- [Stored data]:
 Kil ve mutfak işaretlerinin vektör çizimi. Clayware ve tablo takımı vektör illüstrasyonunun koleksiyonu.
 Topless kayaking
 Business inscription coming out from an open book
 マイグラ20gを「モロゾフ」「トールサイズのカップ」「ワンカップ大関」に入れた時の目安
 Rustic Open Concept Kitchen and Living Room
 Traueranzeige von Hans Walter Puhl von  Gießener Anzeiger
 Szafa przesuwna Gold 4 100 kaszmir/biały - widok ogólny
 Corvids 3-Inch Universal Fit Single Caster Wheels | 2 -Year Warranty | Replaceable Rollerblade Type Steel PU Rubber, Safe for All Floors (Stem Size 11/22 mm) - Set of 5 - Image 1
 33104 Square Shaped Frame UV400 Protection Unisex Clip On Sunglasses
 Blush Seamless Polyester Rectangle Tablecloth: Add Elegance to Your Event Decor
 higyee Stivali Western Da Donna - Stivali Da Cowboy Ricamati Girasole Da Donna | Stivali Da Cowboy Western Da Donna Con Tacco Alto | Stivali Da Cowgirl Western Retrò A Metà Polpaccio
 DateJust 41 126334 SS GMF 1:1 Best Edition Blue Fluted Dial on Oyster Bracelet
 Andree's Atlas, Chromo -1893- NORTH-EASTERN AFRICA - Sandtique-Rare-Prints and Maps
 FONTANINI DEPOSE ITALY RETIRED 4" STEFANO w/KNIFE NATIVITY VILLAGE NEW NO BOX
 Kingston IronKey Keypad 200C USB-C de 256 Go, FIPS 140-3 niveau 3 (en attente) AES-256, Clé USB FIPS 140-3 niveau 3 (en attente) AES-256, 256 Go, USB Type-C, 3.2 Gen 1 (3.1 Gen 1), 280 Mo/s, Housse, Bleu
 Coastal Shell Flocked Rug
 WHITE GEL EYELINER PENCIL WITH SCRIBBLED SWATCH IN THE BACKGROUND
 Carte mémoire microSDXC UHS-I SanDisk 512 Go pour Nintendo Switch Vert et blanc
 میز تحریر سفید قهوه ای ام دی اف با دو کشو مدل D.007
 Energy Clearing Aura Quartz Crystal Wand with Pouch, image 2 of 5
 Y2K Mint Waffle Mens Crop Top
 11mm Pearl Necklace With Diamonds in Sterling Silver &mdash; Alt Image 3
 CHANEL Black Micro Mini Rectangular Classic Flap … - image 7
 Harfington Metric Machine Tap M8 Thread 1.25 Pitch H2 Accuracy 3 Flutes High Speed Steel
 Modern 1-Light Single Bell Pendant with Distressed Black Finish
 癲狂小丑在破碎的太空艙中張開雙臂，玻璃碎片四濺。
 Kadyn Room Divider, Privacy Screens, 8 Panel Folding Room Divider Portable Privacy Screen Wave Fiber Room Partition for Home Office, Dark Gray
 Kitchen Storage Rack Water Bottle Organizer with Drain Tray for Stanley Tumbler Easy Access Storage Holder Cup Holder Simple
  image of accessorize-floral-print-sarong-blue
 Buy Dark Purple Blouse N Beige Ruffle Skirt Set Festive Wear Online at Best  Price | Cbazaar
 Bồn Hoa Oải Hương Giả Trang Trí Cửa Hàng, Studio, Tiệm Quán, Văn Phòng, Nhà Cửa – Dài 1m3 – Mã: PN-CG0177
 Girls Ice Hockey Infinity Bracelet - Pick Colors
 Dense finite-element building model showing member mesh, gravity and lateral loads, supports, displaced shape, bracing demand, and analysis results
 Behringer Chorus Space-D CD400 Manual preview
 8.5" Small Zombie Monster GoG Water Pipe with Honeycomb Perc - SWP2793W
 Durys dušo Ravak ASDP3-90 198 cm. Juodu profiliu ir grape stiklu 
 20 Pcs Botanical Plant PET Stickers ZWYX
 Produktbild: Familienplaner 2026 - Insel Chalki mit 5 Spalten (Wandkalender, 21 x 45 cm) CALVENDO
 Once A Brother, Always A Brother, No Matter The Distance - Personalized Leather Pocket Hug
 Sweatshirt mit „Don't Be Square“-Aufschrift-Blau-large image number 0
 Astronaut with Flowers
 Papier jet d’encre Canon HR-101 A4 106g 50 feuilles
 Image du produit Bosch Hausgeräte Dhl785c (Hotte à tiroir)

- [TRY IT]:
Wherever "Bracelet" turns up in the records, copy the whole line.

- [SOLUTION]:
 DateJust 41 126334 SS GMF 1:1 Best Edition Blue Fluted Dial on Oyster Bracelet
 Girls Ice Hockey Infinity Bracelet - Pick Colors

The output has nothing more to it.